TASK DIRECTIONS:
Could you output, word for word, only the lines from the line with "Prompt: natural history" to the end of the entries, including both ends? Omit the pictures.

Image-text web data:
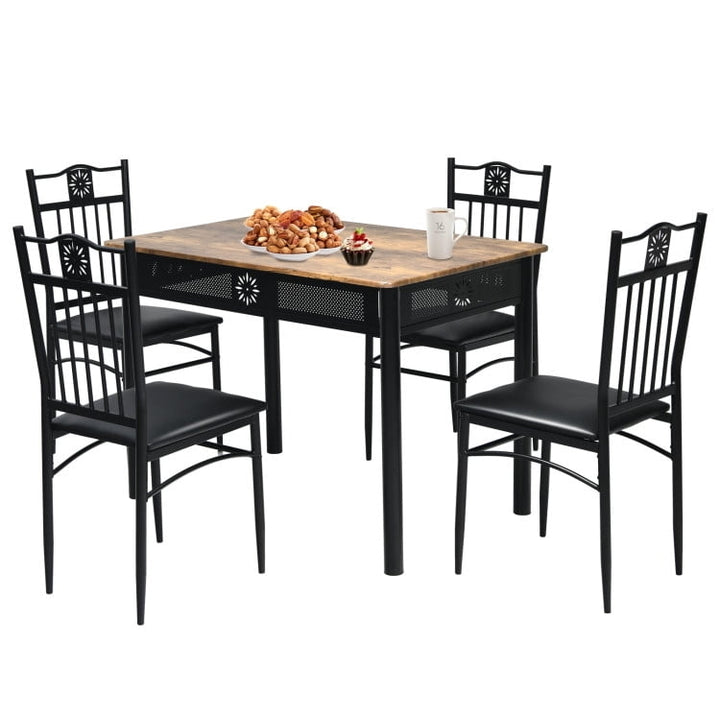 Hommoo Dining Room Table Set,Dining Table Set,5 Pcs Dining Set Wood Metal Table and 4 Chairs with Cushions-Black Image 1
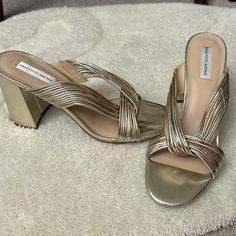 Never Worn Dressy Sandals, Gold And Silver, Saks Fifth, Saks Fifth Avenue, Women's Shoes Sandals, Silver Gold, Shoes Sandals, Women Shoes, Sandals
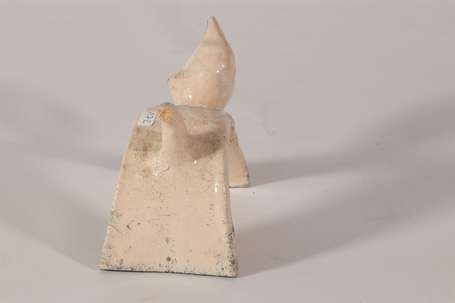 ECOLE MODERNE - Chat. Sujet en raku émaillé crème.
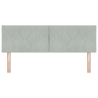 Cabeceira - Design de Diamante - Cinza Claro - 144 cm - Veludo 5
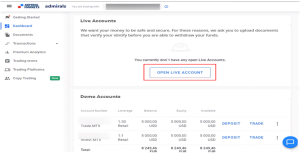 how to open a live account on Admiral Markets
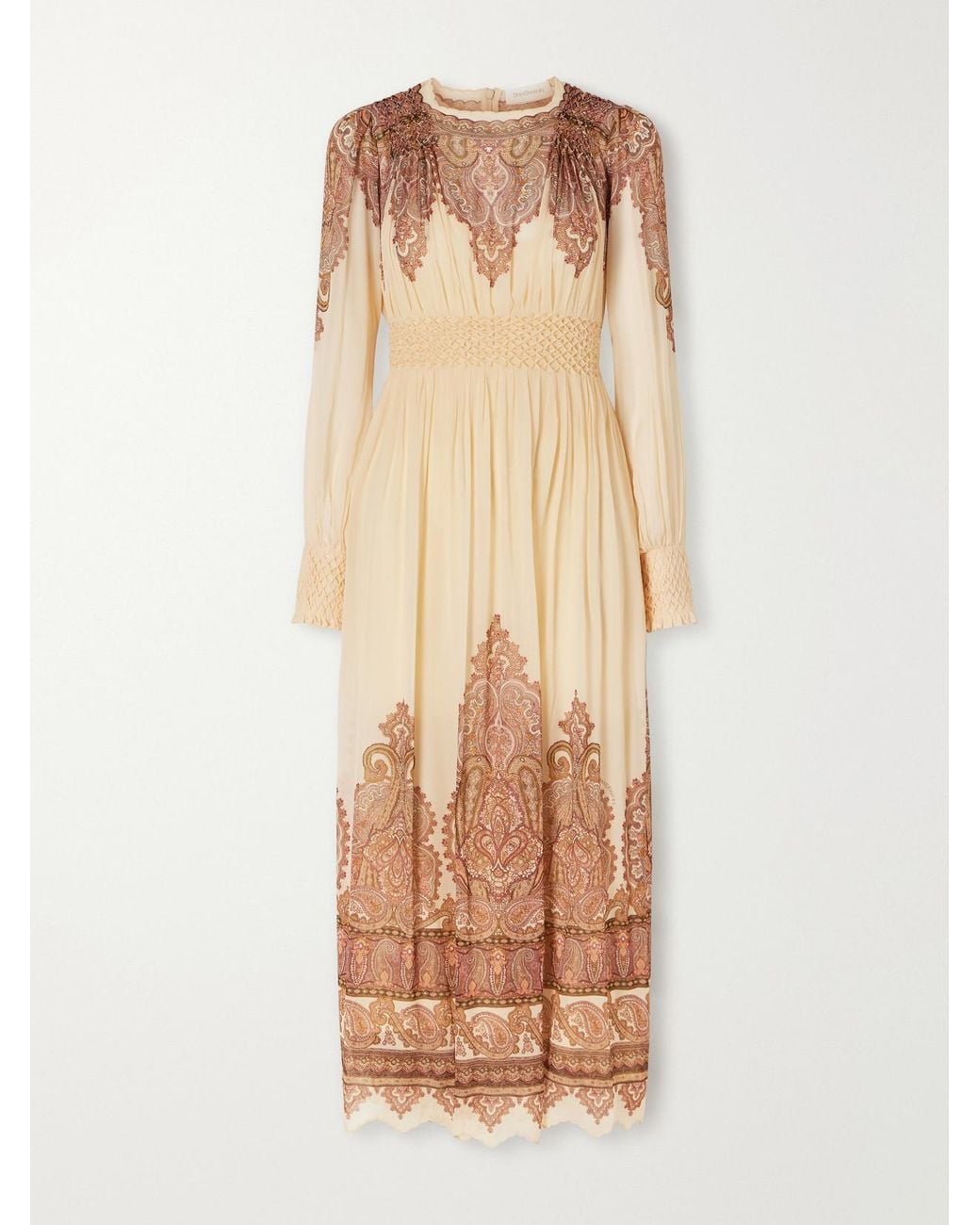 Zimmermann Natural Ascent Smocked Printed Georgette Midi Dress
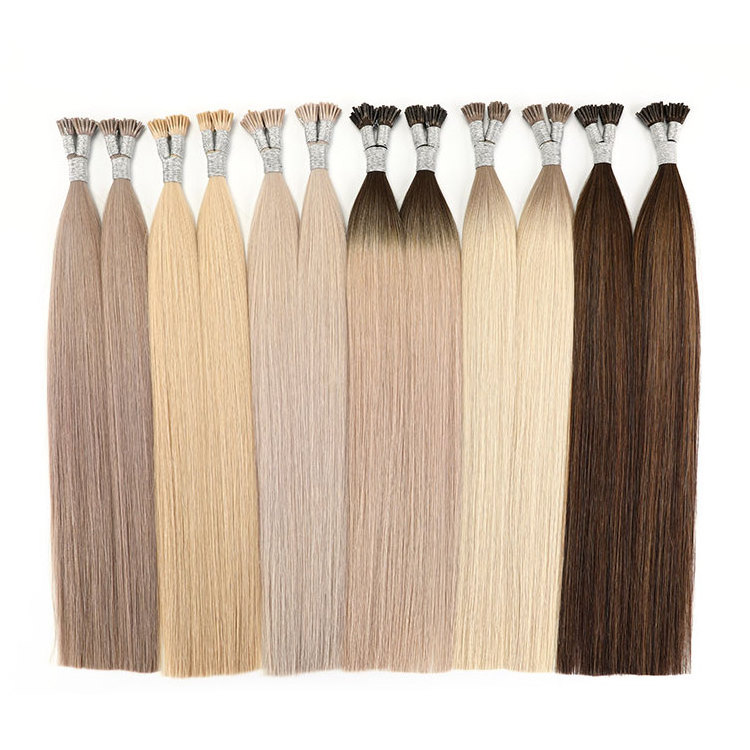 I Tip Hair Private Label Luxury Double Drawn European Russian Remi Keratin I Tip Human Hair Extensions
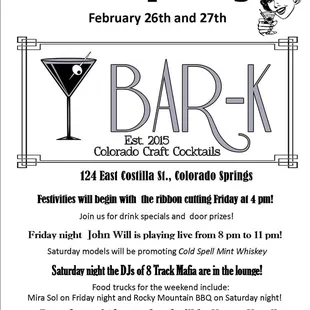 Today and tomorrow Bar-K is having its Grand Opening.  Come and play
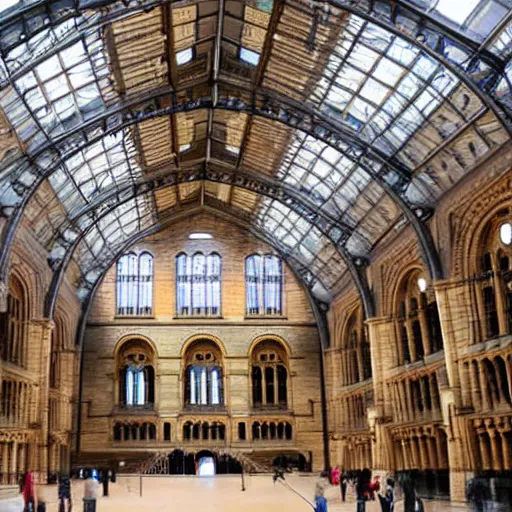 Prompt: natural history museum london hintze hall with sir richard owen showing skeleton of moa dinornis bird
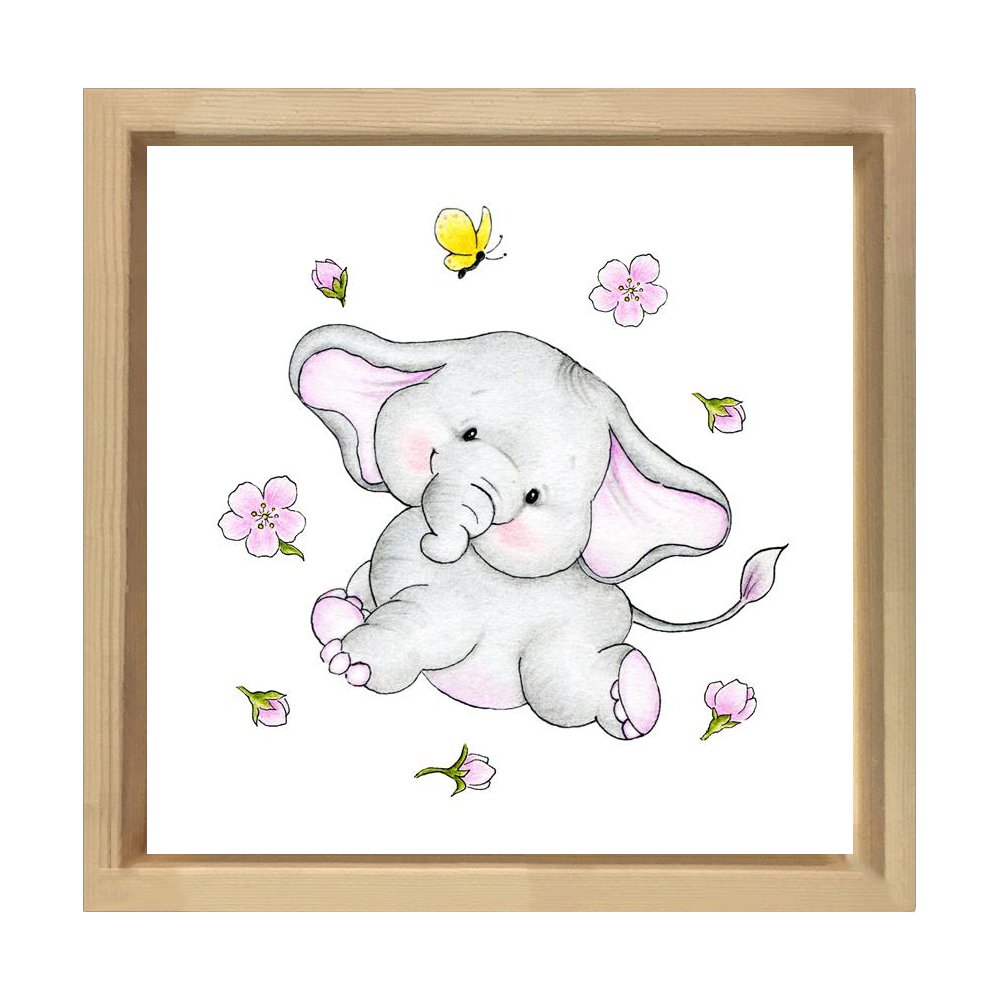Filler Çiçekleri Tablosu Naturel Ahşap Çerçeve - 80x80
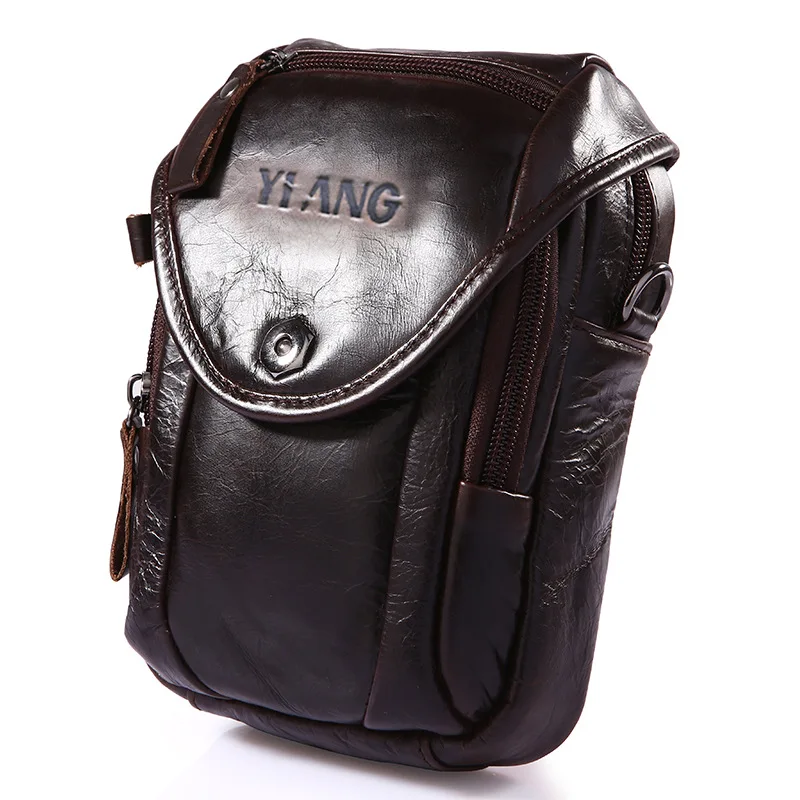 

Foreign Trade Genuine Leather Mini Wallet Men's Multi-functional Pannier Bag Wear Leather Belt Large Capacity Mobile Phone Bag S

YOUR SOLUTION:
 Prompt: natural history museum london hintze hall with sir richard owen showing skeleton of moa dinornis bird
Filler Çiçekleri Tablosu Naturel Ahşap Çerçeve - 80x80

Foreign Trade Genuine Leather Mini Wallet Men's Multi-functional Pannier Bag Wear Leather Belt Large Capacity Mobile Phone Bag S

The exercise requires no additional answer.